Tuesday's markets close

Credit concerns continue to hang over London market; Virgin Media chief steps down; National Savings and Investments achieves record results.

Credit concerns continued to hang over the London market today after it emerged the Bank of England made an emergency loan of £314m.

The Bank’s standing facility, which allows banks to borrow unlimited amounts at a penalty rate of 6.75%, was tapped for the first time since the liquidity crisis began.

The identity of the firm involved was not disclosed, but the move cast a cloud over the FTSE 100 Index, which closed a mixed session 7.4 points higher at 6086.1.

There was also uncertainty on Wall Street, with the Dow Jones Industrial Average on the back foot amid anxiety about what the Federal Reserve might do next to steady the markets.

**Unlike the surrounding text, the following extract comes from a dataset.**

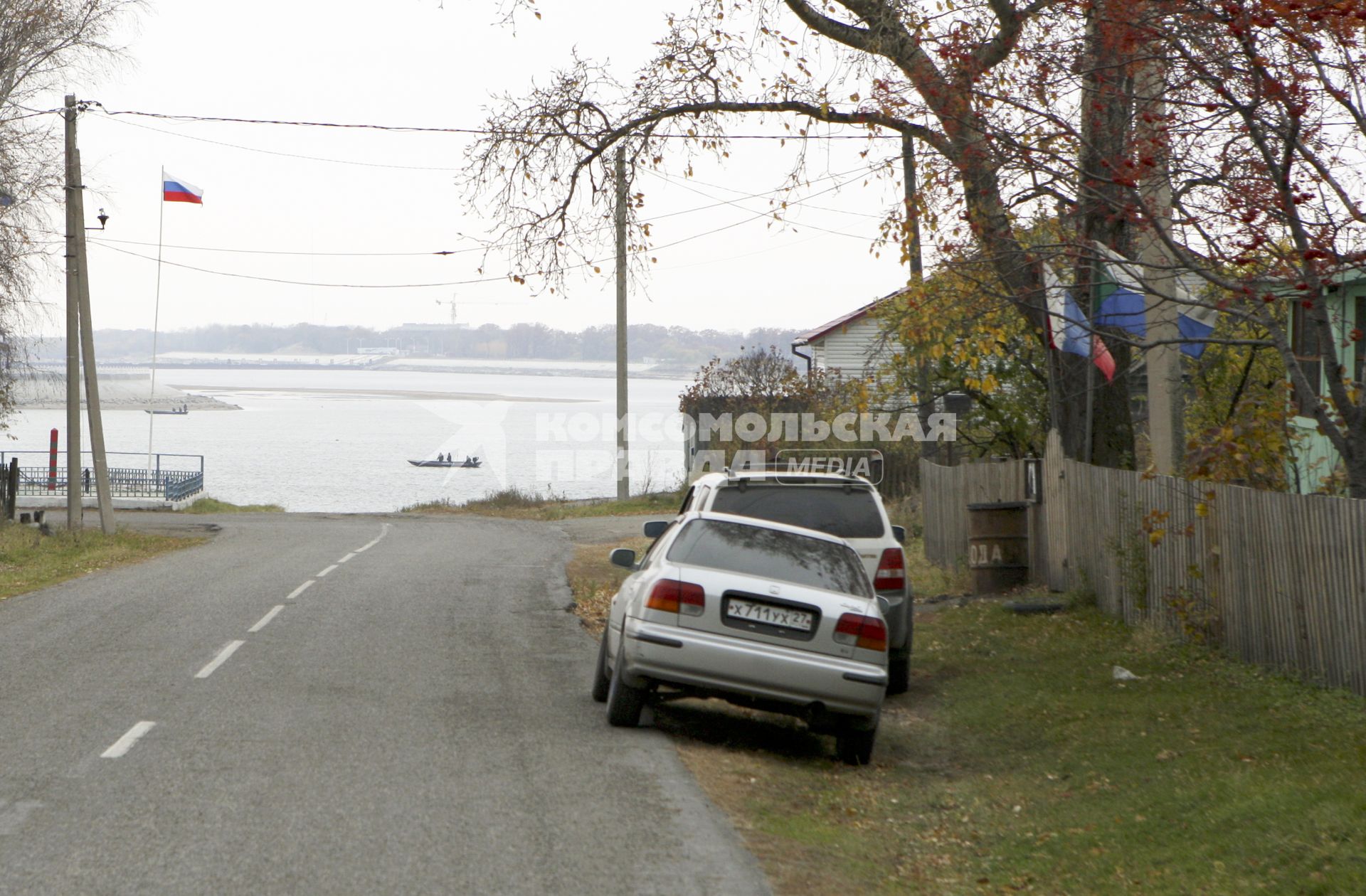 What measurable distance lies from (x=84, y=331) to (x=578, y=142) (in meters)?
14.3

Treasury Secretary Henry Paulson earlier attempted to soothe jittery investors by insisting the US will safely get through the credit crisis.

One of the most closely watched stocks in London was Northern Rock after it issued a statement last night clarifying its exposure to the US asset classes that lie at the centre of the market’s credit concerns.

The chief executive of Virgin Media left the company today after just 18 months at the helm.

The cable company said Steve Burch’s departure was immediate after he decided to return to the United States for ``family and personal reasons“.

The move will be seen as a fresh blow to the company, which has suffered from falling customer numbers and a slower-than-expected take-up of its ``quadplay“ services.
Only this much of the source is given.